16. an-Nahl [Bees], Mecca 70
The Quranic Text & Ali’s translation:
إِنَّ اللّهَ يَأْمُرُ بِالْعَدْلِ وَالإِحْسَانِ وَإِيتَاء ذِي الْقُرْبَى...
16: 90. Allah commands
- justice,
- the doing of good,
- and liberality to kith and kin,
... وَيَنْهَى عَنِ الْفَحْشَاء وَالْمُنكَرِ وَالْبَغْيِ...
and He forbids
- all shameful deeds,
- and injustice and rebellion:
... يَعِظُكُمْ لَعَلَّكُمْ تَذَكَّرُونَ ﴿٩٠﴾
He instructs you, that ye may receive admonition.
Transliteration Innalla_ha ya'muru bil 'adli wal ihsa_ni wa ita_'i zil qurba_ wa yanha_ 'anil fahsya_'i wal munkari wal bagyi ya'izukum la'allakum tazakkaru_n(a).
16: 90
Asad
Behold, God enjoins justice, and the doing of good, and generosity towards [one’s] fellow-man; and He forbids all that is shameful and all that runs counter to reason, as well as envy; [and ] He exhorts you [repeatedly] so that you might bear [all this] in mind.
Pickthall Lo!
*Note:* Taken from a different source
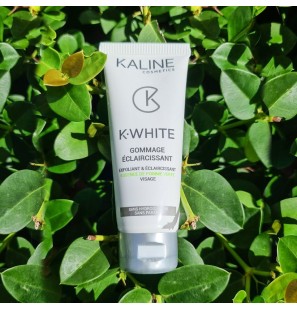 KALINE K-WHITE gommage éclaircissant 75 ml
Allah enjoin justice and kindness, and giving to kinsfolk, and forbid lewdness and abomination and wickedness. He exhort you in order that ye may take heed.
Yuksel God orders justice and goodness, and that you shall help your relatives, and He forbids from evil, vice, and transgression. He warns you that you may remember.
[ Qurba – near or close ones, relatives, kith and kinsfolk, or even fellow human being ]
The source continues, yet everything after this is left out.